The Metropolitan police team, led by the deputy assistant commissioner John Yates, has already requested documents and e-mails from Downing Street, the Cabinet Office and the House of Lords Appointments Commission.
But the range of the inquiry means that the Conservative party's loan arrangements will also have to be investigated. Tory sources admitted on Tuesday that the total amount raised by the party last year in loans was £24 million (US$42 million), and it is understood the party's high command has privately asked the contributors to go public.
Scotland Yard has refused to say which figs the detectives intend to interview as the inquiry unfolds, but it will not rule out speaking to Prime Minister Tony Blair. Westminster sources believe they will almost certainly speak to Lord Levy, the prime minister's chief fundraiser, and key players, such as the Labour Party Chairman Ian McCartney.
The members of parliament (MPs) who made the initial complaint about Labour and loans met Yates and his team of six at Scotland Yard yesterday to discuss the inquiry and to hand over a dossier fleshing out concerns.
After the meeting the Scottish Nationalist MP Angus MacNeil said: "The police are interested in crime. They are not interested in which party committed it ... After meeting people at Scotland Yard I would say anyone who has been involved in the selling of peerages should be shaking in their shoes."
MacNeil said he had been told the Tories would also be investigated.
A letter from Scotland Yard to the Public Administration Committee, which is also investigating Labour's loans, revealed that the Metropolitan Police had not ruled out pursuing charges of corruption.
"Whilst it may be too early for us to widen our investigation into the arena of corruption, I certainly have not ruled this out," wrote Yates. "I have indicated to you that many of the individuals that you wished to hear evidence from may be the very people that could be central to our criminal inquiry, either as witnesses or suspects."

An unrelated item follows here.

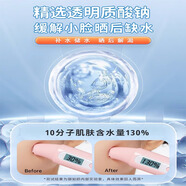 【官方旗艦】?jì)和婺?歲到6到12歲女孩寶寶專(zhuān)用曬后修復補水保濕小孩女童男孩護理 【3盒裝】   90%家長(cháng)的選擇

Yates has urged the committee to stall its inquiry.
"My concerns were that your scrutiny could be viewed as an abuse of process in terms of fairness in any future potential criminal trial," the letter explains.
"I have consulted closely with senior lawyers from the Crown Prosecution Service about this matter," he wrote. They share my concerns and are happy for them to be articulated in this letter."
The Labour chairman of the committee, Tony Wright, insisted yesterday that his inquiry would continue regardless.
"There is no question that we shall proceed with the inquiry," he said. "In fact we shall widen it and call more people and we are prepared to summon people if they decline to attend in future."